> **WHAT YOU SHOULD DO**: Each line from the one with "Vida strijkt het" through the last line of the material is to be printed exactly; no other line and no picture belongs in the copy.

> **INPUT RECORDS**:
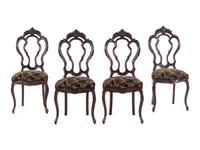 A Set of Four Rococo Revival Mahogany Side Chairs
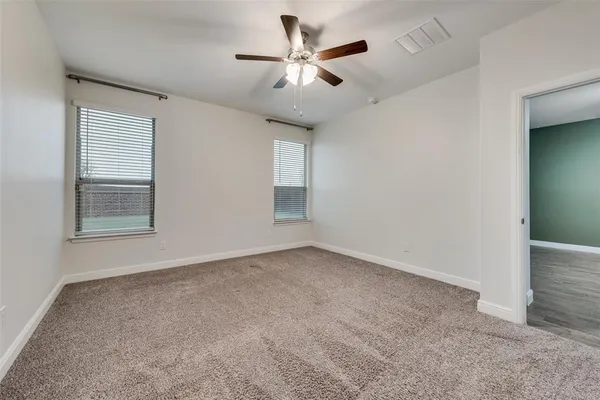 an empty room with windows and fan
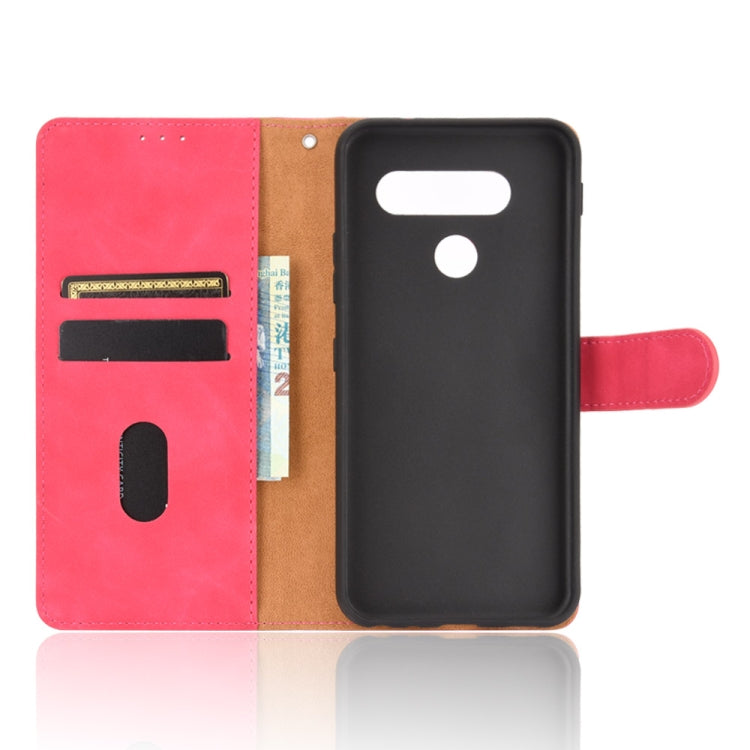 For LG Q70 Solid Color Skin Feel Magnetic Buckle Horizontal Flip Calf Texture PU Leather Case with Holder & Card Slots & Wallet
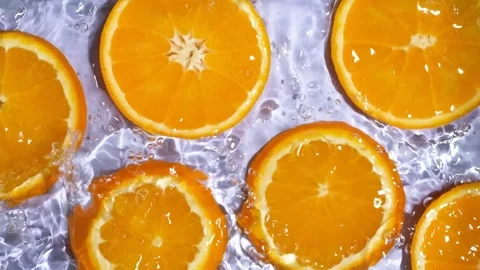 Close-up of wet orange fruit pattern in liquid with waves, commercial footage Stock Footage 341400560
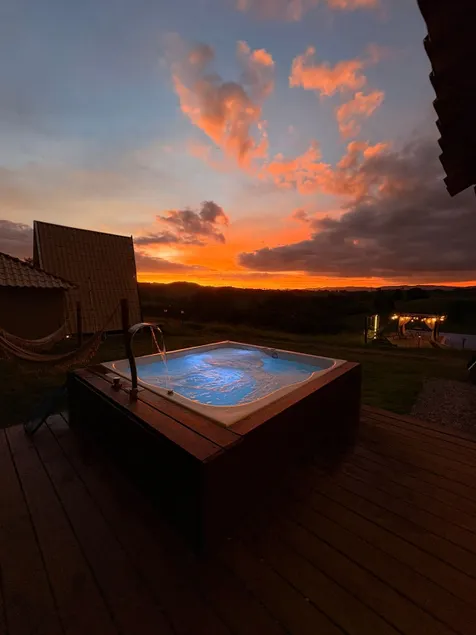 A chalet, spa, and swimming pool. - Image 1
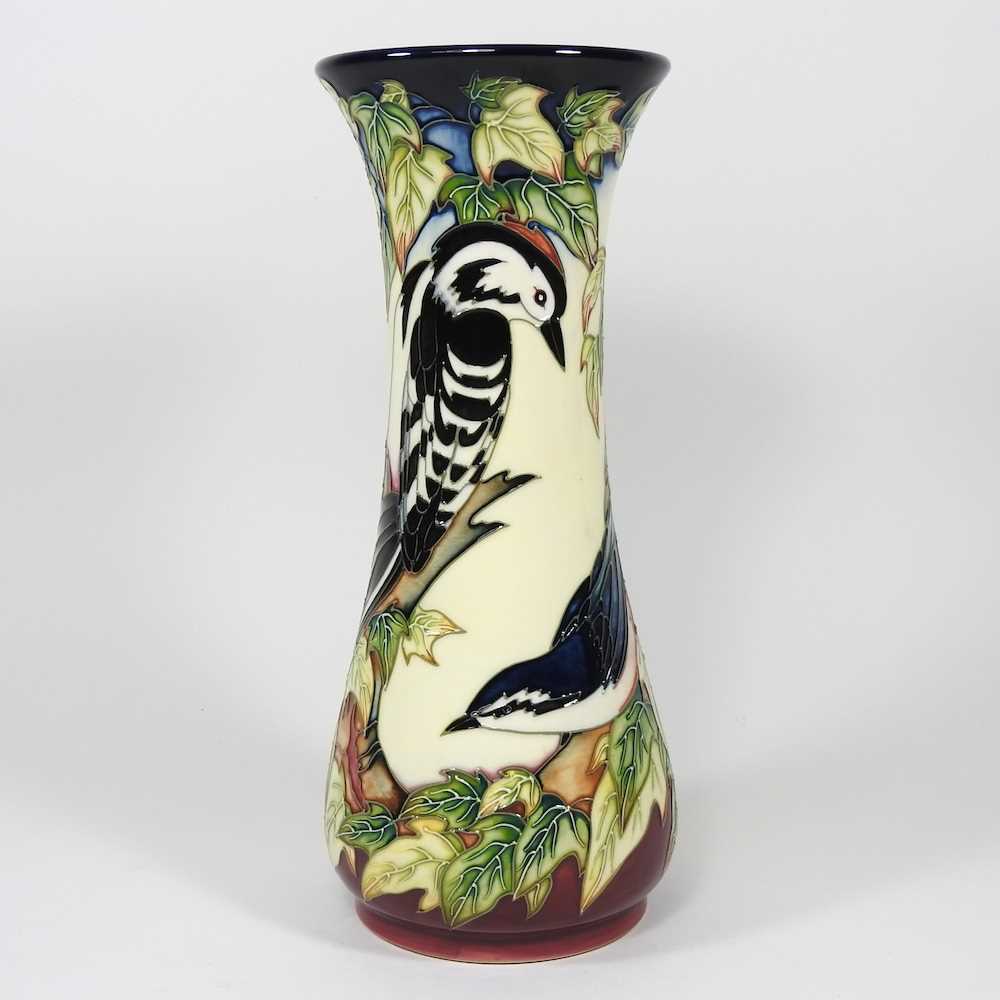 A Moorcroft pottery vase, of waisted form, decorated in the Inglewood pattern, with a woodpecker and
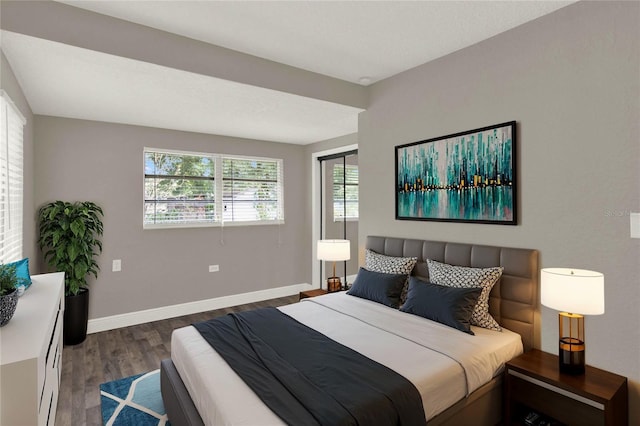 bedroom featuring dark hardwood / wood-style flooring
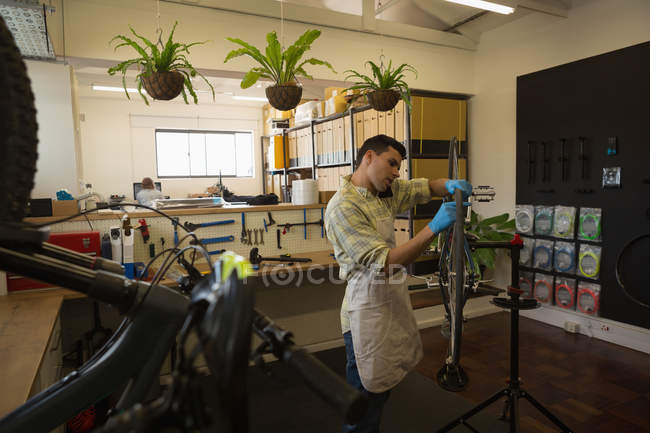 Hombre hablando en el teléfono móvil durante la reparación de la bicicleta en el taller - foto de stock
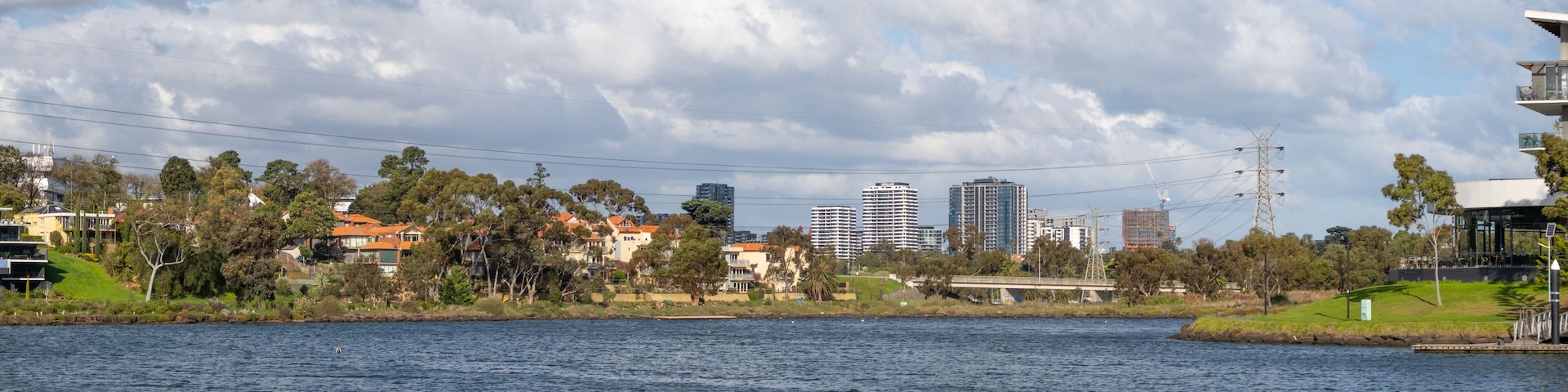 Panoramic background texture of urban landscape over Maribyrnong river with bridge, houses and apartment buildings in the distance. Panorama of waterfront scenery of Melbourne’s suburb, Australia.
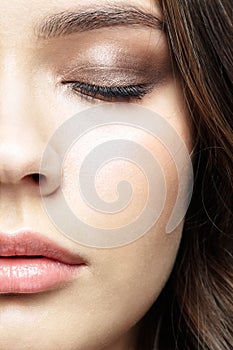 Closeup macro portrait of female face with red lips and smoky eyes beauty makeup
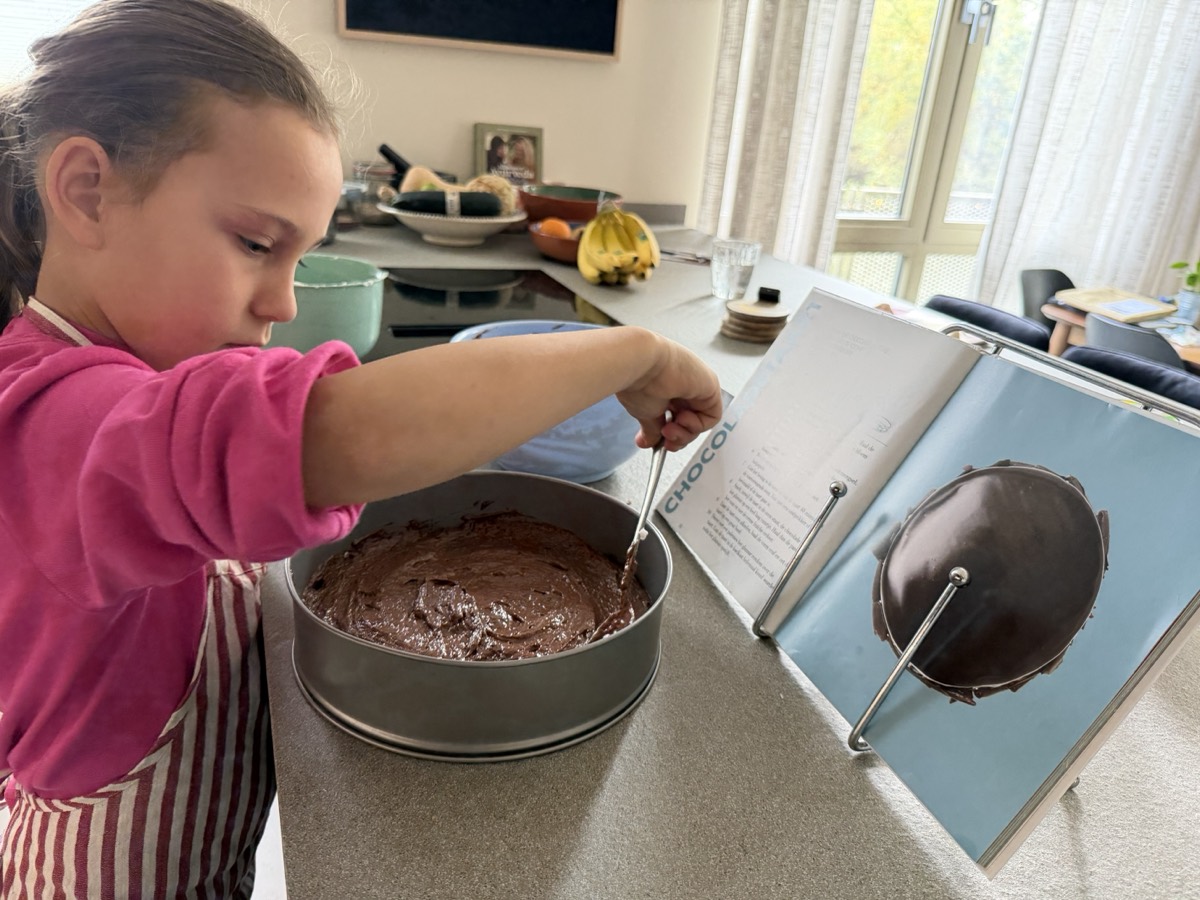 Vida strijkt het chocoladebeslag glad in de springvorm, met het kookboek ernaast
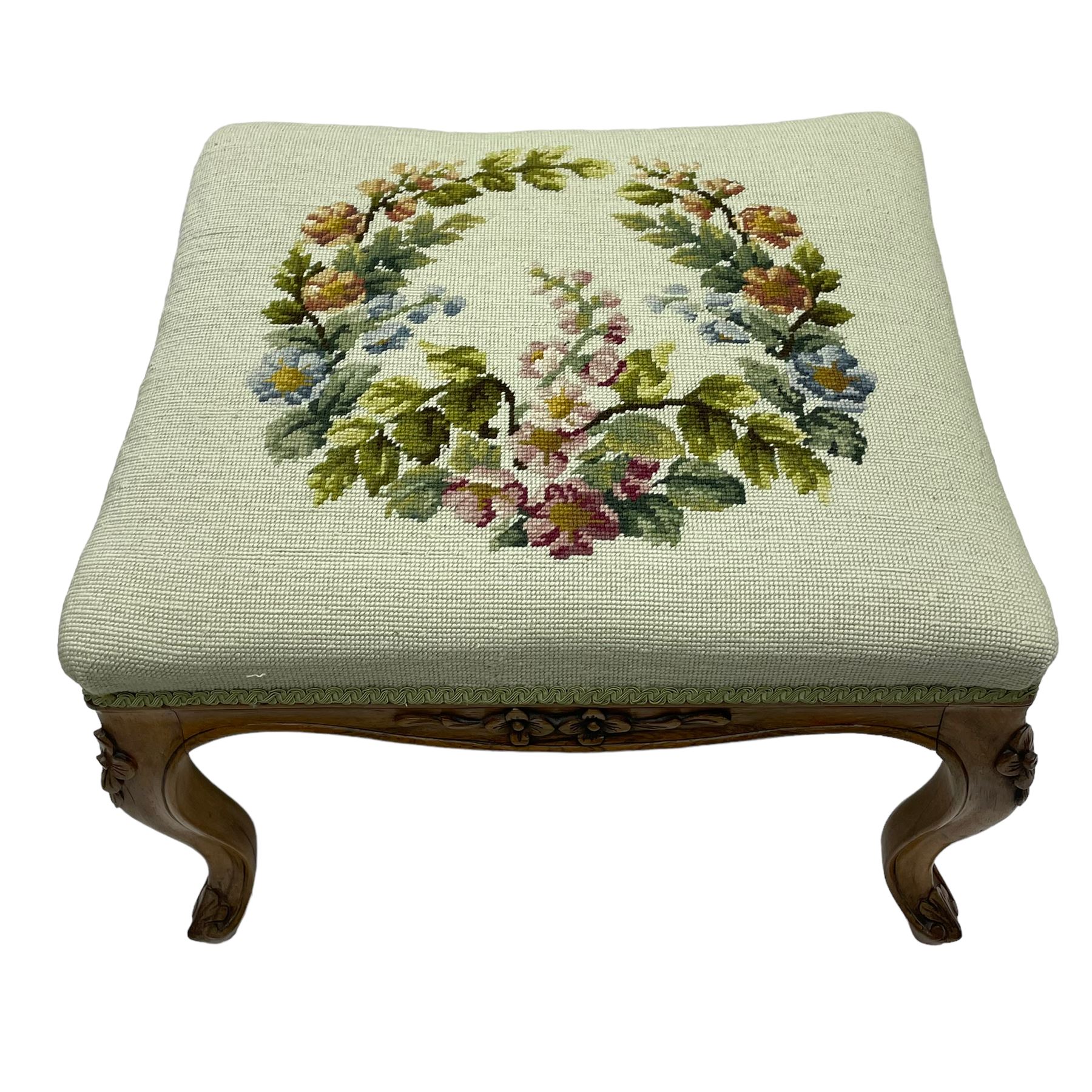 19th century French walnut dressing stool, rectangular seat upholstered in a floral needlework tapestry top, shaped apron with applied carved flower heads, on cabriole supports with acanthus carved feet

> **REPLY**:
 Vida strijkt het chocoladebeslag glad in de springvorm, met het kookboek ernaast
 19th century French walnut dressing stool, rectangular seat upholstered in a floral needlework tapestry top, shaped apron with applied carved flower heads, on cabriole supports with acanthus carved feet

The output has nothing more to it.